Problem with dof is that the focuspoint isn’t a point in space, it’s a distance from camera. So rendering with dof is like shooting photos in the '70’s with a manual lens
This is about as good as I can get. I’ve not used Rhino Cycles in anger yet ever, so I think it’s a shade overcooked. I spent ages battling geometry that kept getting randomly displaced due to Rhino PBR faults, having to reopen the document to rest this, fighting with why Viewport and Render are not the same result (until I restarted). Doh!
PBRs come from ambientCG, and the background is a Studio background from PolyHaven. The rest is whatever Rhino can make.
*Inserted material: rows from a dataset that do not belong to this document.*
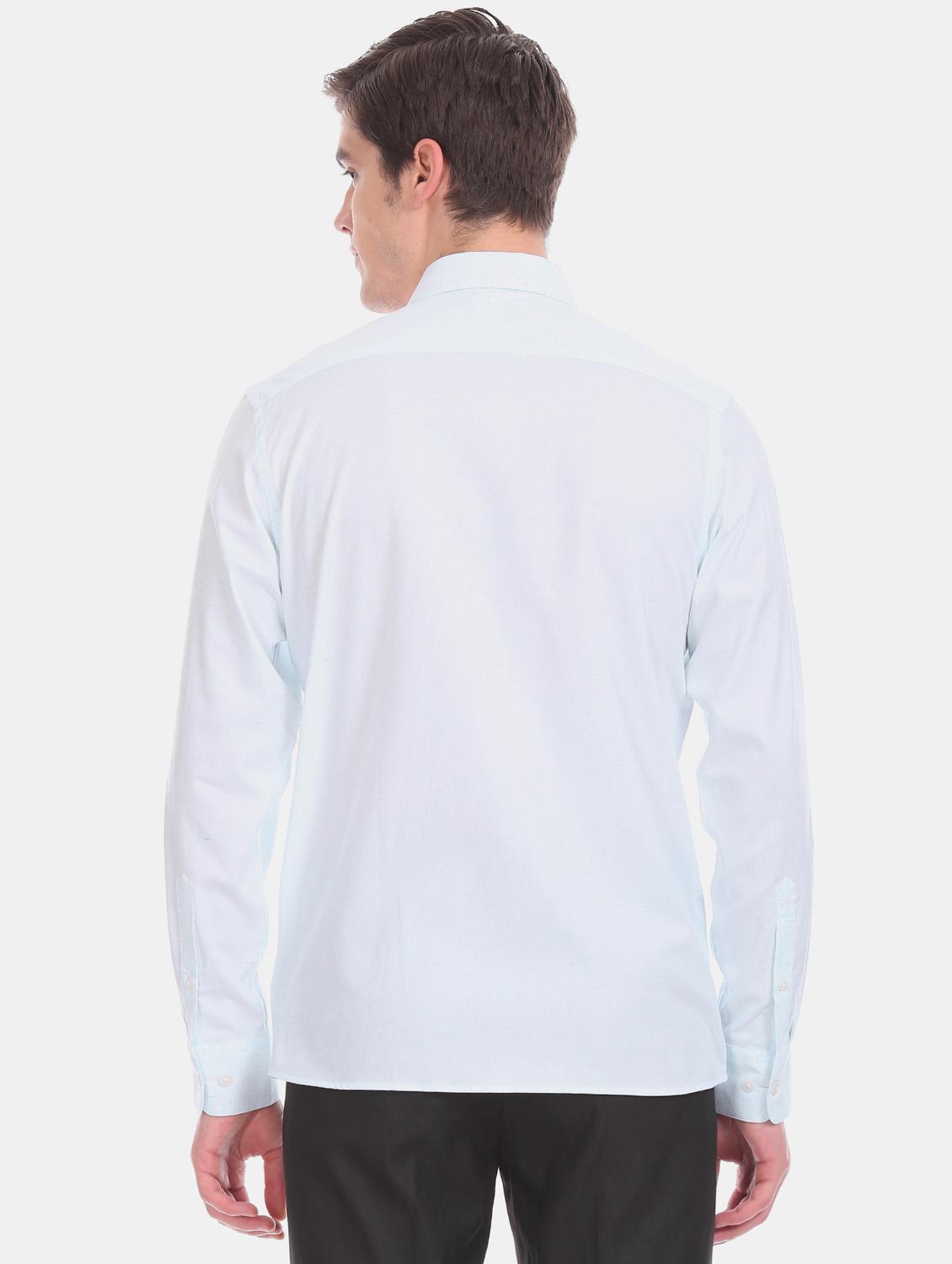 blue self design formal shirt - 17617923 - Zoom Image - 3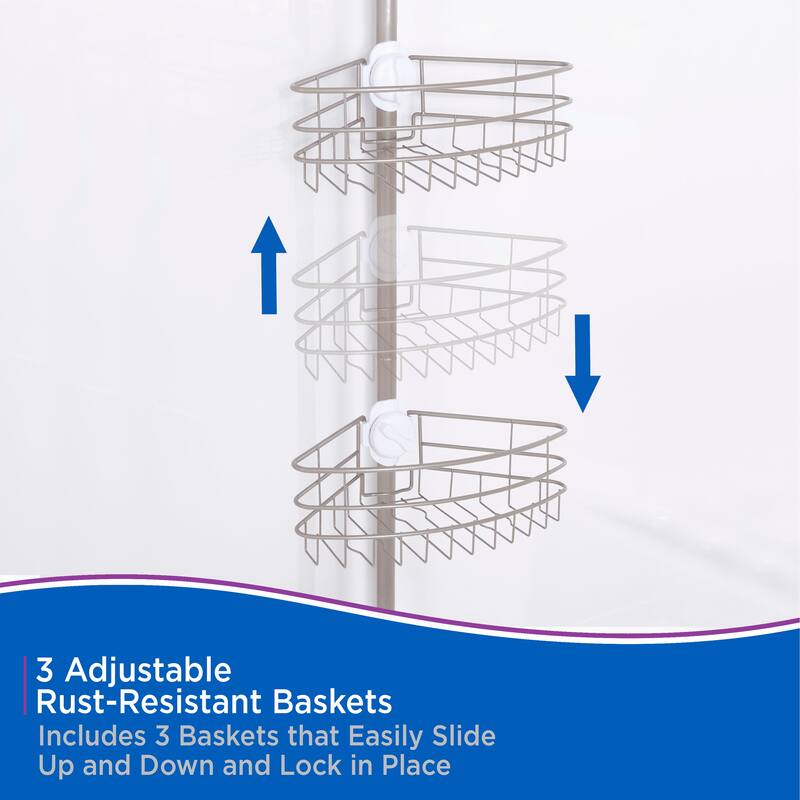 Kenney 3-Tier Spring Tension EasySlide Adjustable Shower Corner Pole Caddy - Brushed Nickel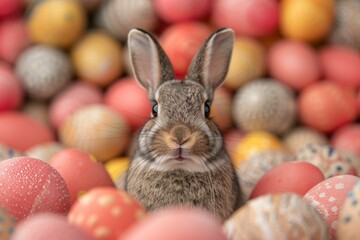 Fototapeta na wymiar Close-up of a rabbit among an assortment of colorful Easter eggs.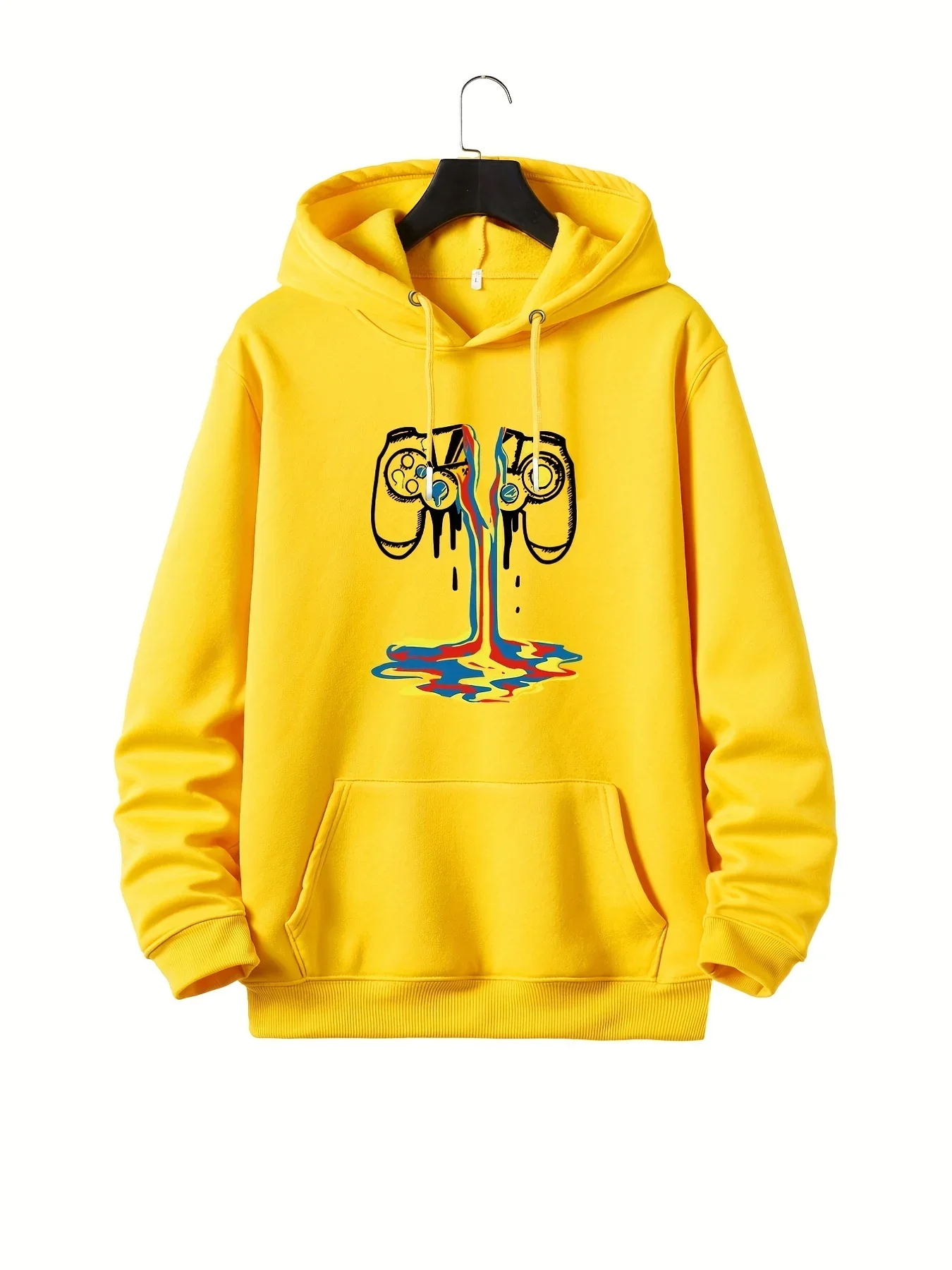 Korean Hot Melting Game Controller Graffiti Print Graphic Hoodie Unisex Loose Plus Velvet Sweatshirt Autumn Winter Warm Men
This was good fun learning though. All Rhino, with all effects applied in Rhino Cycles. Not sure which is the better outcome really. Thanks for the model, I wish we had such challenges more often (so then I can moan I don’t have time).
This is an awesome idea! Recently, I realized that if I do get into rendering it’s probably going to be via cycles for multiple reasons. I’m also learning more and more that focusing my attention towards just a few selected programs is quite advantageous. And I just don’t seem to jive well with the UI’s of the various renderers out there. It’s cool to see what can be done basically out-of-the-box. My renders always look terrible but I’m also overdue for a hardware upgrade (that will help make up some of the gap).
These renders are looking pretty amazing. Definitely looking forward to future mini-challenges.
For now Blender beats Rhino in terms of material creation - our RhinoCycles doesn’t have all the shader nodes that Blender Cycles has, nor is there a way to create custom materials - I suppose maybe GhShaderNodes might work? I haven’t looked at that project in ages and I don’t know if it still works to be honest.